**Short text fragments from websites:**
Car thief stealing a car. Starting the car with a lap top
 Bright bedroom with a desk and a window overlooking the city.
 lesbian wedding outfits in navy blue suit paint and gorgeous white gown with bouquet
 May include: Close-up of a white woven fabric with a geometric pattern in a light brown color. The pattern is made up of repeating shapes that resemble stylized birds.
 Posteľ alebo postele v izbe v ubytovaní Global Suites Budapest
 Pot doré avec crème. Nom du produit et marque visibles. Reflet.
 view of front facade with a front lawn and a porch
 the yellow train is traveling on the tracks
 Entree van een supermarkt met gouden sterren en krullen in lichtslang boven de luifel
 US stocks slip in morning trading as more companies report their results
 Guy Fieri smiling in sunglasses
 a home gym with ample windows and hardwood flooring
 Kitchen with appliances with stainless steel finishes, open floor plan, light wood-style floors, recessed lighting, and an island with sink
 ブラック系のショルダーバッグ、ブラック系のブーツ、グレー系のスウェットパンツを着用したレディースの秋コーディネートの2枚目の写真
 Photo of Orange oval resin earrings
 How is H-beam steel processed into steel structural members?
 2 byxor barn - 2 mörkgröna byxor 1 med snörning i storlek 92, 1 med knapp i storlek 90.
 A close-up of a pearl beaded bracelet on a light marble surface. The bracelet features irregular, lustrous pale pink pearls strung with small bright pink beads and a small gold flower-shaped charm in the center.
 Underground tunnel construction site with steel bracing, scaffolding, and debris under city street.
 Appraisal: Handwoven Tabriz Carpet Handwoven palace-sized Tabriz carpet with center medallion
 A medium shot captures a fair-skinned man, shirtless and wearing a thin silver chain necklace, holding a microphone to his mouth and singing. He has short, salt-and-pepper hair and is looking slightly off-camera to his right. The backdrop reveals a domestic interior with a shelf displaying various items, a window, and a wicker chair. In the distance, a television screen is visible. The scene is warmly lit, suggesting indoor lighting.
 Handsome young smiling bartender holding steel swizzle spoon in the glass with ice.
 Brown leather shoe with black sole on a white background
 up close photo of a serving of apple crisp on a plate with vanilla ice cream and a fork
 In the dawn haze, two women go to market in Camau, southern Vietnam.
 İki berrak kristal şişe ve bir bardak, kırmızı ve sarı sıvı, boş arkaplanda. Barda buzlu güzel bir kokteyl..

**Assigned task:** Tell how many lines in the data contain the word "holding", answering with that number and no other text.

**Written solution:** 2